▶ Task requirements: Your answer must be the records below, printed exactly.
───── Data listing ─────
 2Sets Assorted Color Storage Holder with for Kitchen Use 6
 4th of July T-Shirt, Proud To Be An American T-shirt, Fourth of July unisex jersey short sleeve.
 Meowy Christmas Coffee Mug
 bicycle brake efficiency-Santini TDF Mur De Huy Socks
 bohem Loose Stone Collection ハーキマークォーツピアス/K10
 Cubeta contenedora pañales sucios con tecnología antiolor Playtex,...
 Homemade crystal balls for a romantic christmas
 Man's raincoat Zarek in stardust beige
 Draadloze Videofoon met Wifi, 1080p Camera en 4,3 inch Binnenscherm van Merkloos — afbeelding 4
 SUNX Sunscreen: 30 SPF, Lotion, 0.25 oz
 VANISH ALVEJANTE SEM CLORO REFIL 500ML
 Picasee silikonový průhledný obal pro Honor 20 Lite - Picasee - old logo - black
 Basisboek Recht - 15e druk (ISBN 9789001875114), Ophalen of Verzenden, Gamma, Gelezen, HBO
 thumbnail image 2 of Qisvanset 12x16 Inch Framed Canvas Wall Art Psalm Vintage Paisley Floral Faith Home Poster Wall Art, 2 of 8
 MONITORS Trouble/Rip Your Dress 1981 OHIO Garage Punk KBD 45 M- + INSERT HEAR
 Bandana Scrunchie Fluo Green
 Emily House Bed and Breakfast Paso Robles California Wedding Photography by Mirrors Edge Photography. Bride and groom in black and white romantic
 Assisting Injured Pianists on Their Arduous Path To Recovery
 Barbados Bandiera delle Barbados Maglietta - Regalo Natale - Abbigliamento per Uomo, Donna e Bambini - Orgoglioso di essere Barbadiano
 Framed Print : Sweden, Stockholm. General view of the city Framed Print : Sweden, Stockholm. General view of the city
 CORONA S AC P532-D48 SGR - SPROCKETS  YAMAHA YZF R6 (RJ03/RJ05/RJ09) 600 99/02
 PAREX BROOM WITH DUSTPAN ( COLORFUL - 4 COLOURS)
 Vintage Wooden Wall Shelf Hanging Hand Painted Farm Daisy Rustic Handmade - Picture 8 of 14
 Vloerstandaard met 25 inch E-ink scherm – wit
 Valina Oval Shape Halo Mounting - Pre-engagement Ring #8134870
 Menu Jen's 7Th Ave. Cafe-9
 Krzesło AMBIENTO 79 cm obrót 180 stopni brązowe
─────
▶ Result of the exercise:
 2Sets Assorted Color Storage Holder with for Kitchen Use 6
 4th of July T-Shirt, Proud To Be An American T-shirt, Fourth of July unisex jersey short sleeve.
 Meowy Christmas Coffee Mug
 bicycle brake efficiency-Santini TDF Mur De Huy Socks
 bohem Loose Stone Collection ハーキマークォーツピアス/K10
 Cubeta contenedora pañales sucios con tecnología antiolor Playtex,...
 Homemade crystal balls for a romantic christmas
 Man's raincoat Zarek in stardust beige
 Draadloze Videofoon met Wifi, 1080p Camera en 4,3 inch Binnenscherm van Merkloos — afbeelding 4
 SUNX Sunscreen: 30 SPF, Lotion, 0.25 oz
 VANISH ALVEJANTE SEM CLORO REFIL 500ML
 Picasee silikonový průhledný obal pro Honor 20 Lite - Picasee - old logo - black
 Basisboek Recht - 15e druk (ISBN 9789001875114), Ophalen of Verzenden, Gamma, Gelezen, HBO
 thumbnail image 2 of Qisvanset 12x16 Inch Framed Canvas Wall Art Psalm Vintage Paisley Floral Faith Home Poster Wall Art, 2 of 8
 MONITORS Trouble/Rip Your Dress 1981 OHIO Garage Punk KBD 45 M- + INSERT HEAR
 Bandana Scrunchie Fluo Green
 Emily House Bed and Breakfast Paso Robles California Wedding Photography by Mirrors Edge Photography. Bride and groom in black and white romantic
 Assisting Injured Pianists on Their Arduous Path To Recovery
 Barbados Bandiera delle Barbados Maglietta - Regalo Natale - Abbigliamento per Uomo, Donna e Bambini - Orgoglioso di essere Barbadiano
 Framed Print : Sweden, Stockholm. General view of the city Framed Print : Sweden, Stockholm. General view of the city
 CORONA S AC P532-D48 SGR - SPROCKETS  YAMAHA YZF R6 (RJ03/RJ05/RJ09) 600 99/02
 PAREX BROOM WITH DUSTPAN ( COLORFUL - 4 COLOURS)
 Vintage Wooden Wall Shelf Hanging Hand Painted Farm Daisy Rustic Handmade - Picture 8 of 14
 Vloerstandaard met 25 inch E-ink scherm – wit
 Valina Oval Shape Halo Mounting - Pre-engagement Ring #8134870
 Menu Jen's 7Th Ave. Cafe-9
 Krzesło AMBIENTO 79 cm obrót 180 stopni brązowe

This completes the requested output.